Starting with the line that holds "Serene winter landscape" and stopping after the line that holds "Cute Cartoon Dinosaur", repeat the lines below word for word, without the pictures.

AVAILABLE DATA →
:::

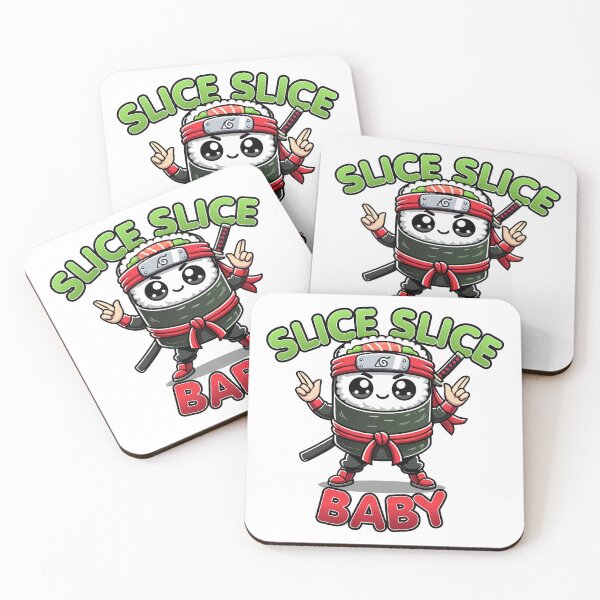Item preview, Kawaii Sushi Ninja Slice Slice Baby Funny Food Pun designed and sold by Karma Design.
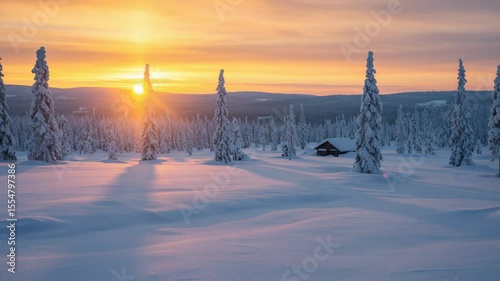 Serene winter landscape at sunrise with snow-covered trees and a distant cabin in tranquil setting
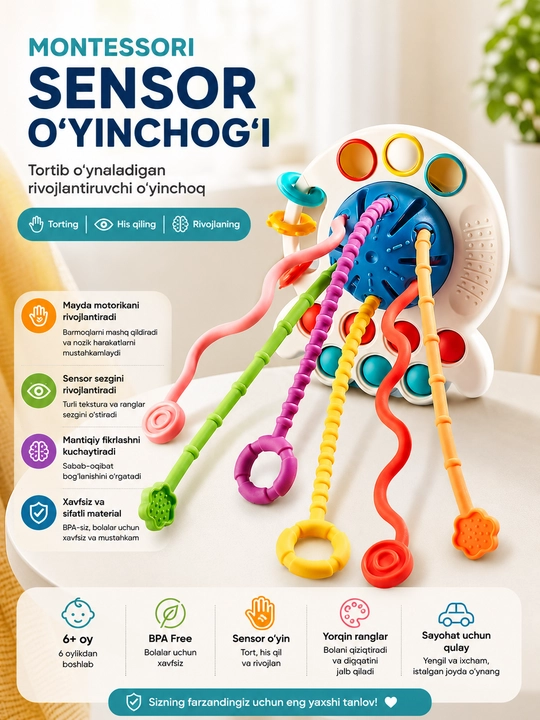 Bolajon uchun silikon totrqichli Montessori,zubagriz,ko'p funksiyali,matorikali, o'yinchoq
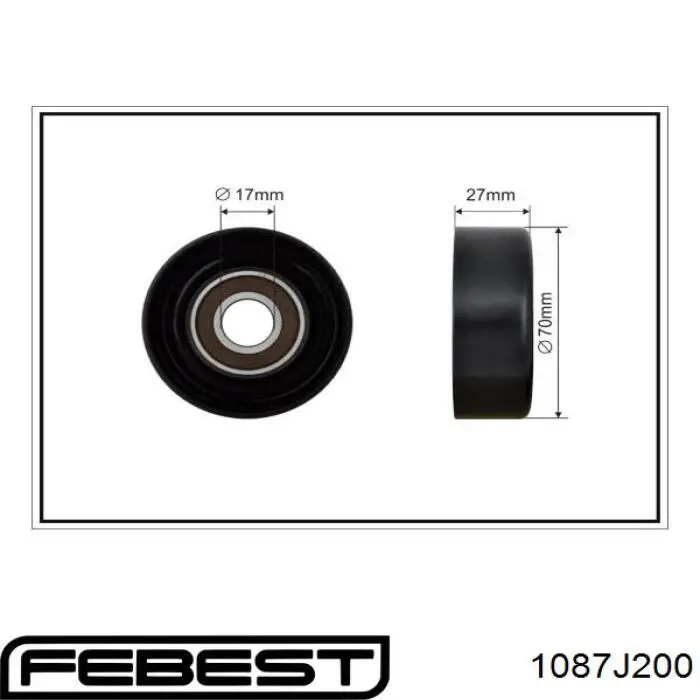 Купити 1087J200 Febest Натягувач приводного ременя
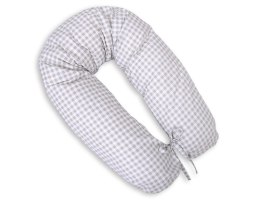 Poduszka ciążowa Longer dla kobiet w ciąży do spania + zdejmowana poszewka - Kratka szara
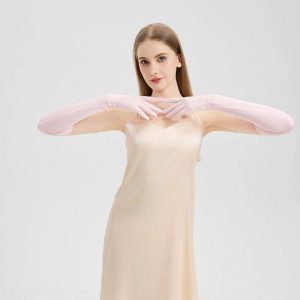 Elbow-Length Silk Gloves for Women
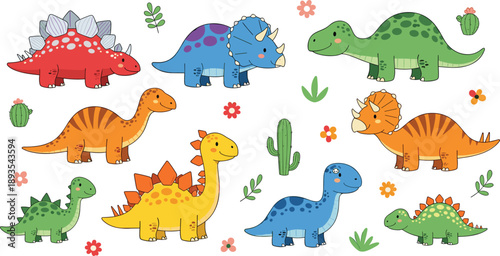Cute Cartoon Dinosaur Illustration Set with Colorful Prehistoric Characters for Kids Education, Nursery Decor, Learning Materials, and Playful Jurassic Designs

:::

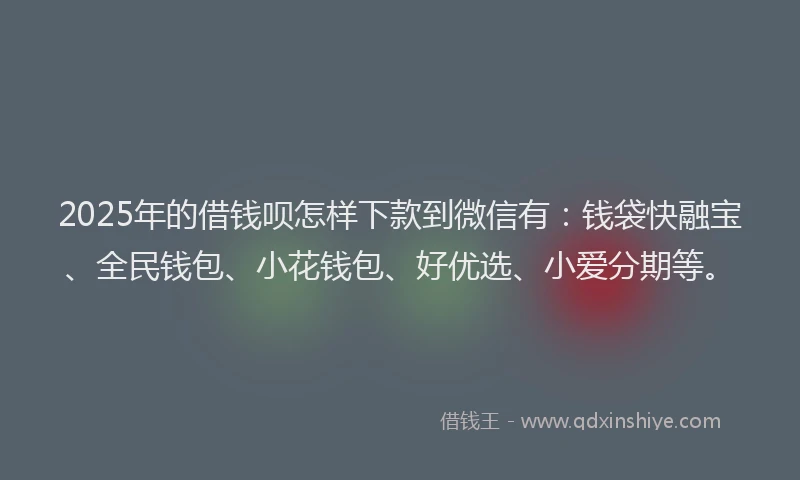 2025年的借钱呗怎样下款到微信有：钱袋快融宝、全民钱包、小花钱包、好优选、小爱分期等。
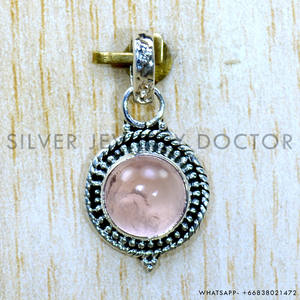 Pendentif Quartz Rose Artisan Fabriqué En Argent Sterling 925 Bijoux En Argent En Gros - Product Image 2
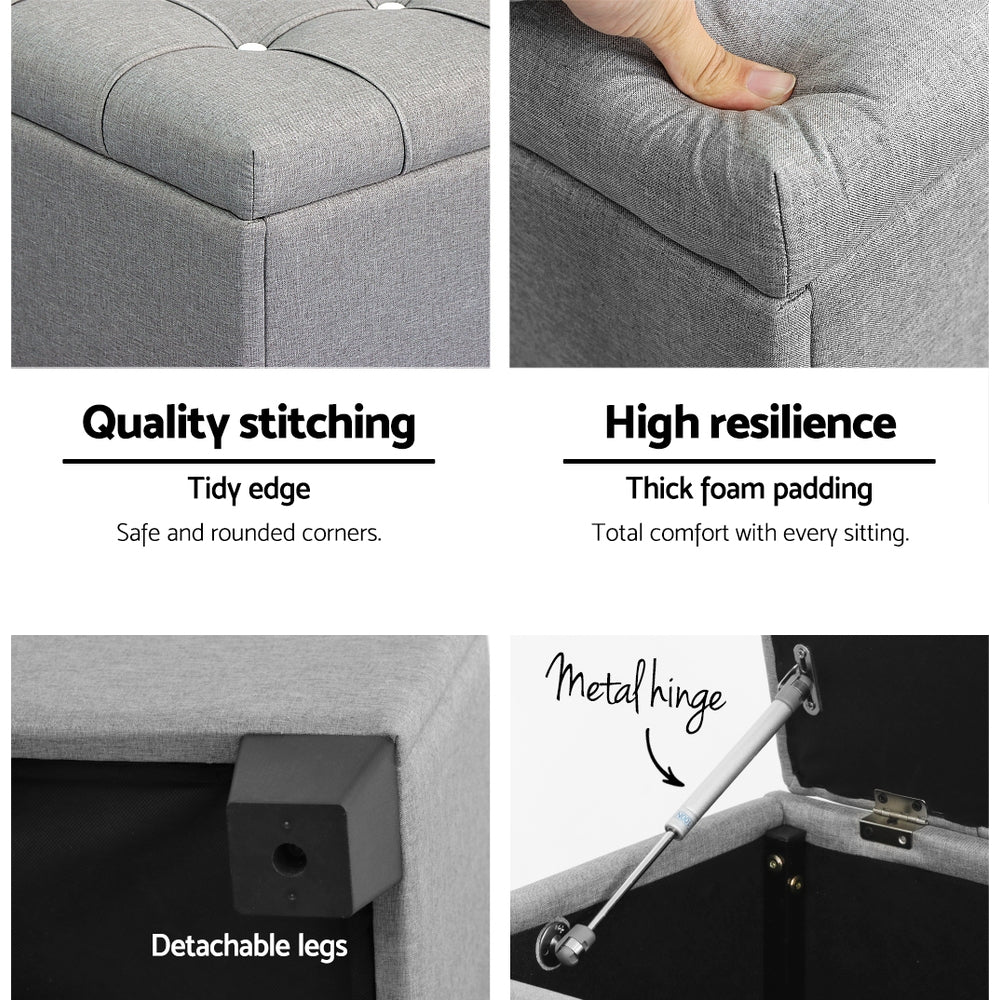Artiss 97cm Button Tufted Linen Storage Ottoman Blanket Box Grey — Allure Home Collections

:::

EXPECTED ANSWER →
 Serene winter landscape at sunrise with snow-covered trees and a distant cabin in tranquil setting
 Bolajon uchun silikon totrqichli Montessori,zubagriz,ko'p funksiyali,matorikali, o'yinchoq
 Купити 1087J200 Febest Натягувач приводного ременя
 Poduszka ciążowa Longer dla kobiet w ciąży do spania + zdejmowana poszewka - Kratka szara
 Elbow-Length Silk Gloves for Women
Cute Cartoon Dinosaur Illustration Set with Colorful Prehistoric Characters for Kids Education, Nursery Decor, Learning Materials, and Playful Jurassic Designs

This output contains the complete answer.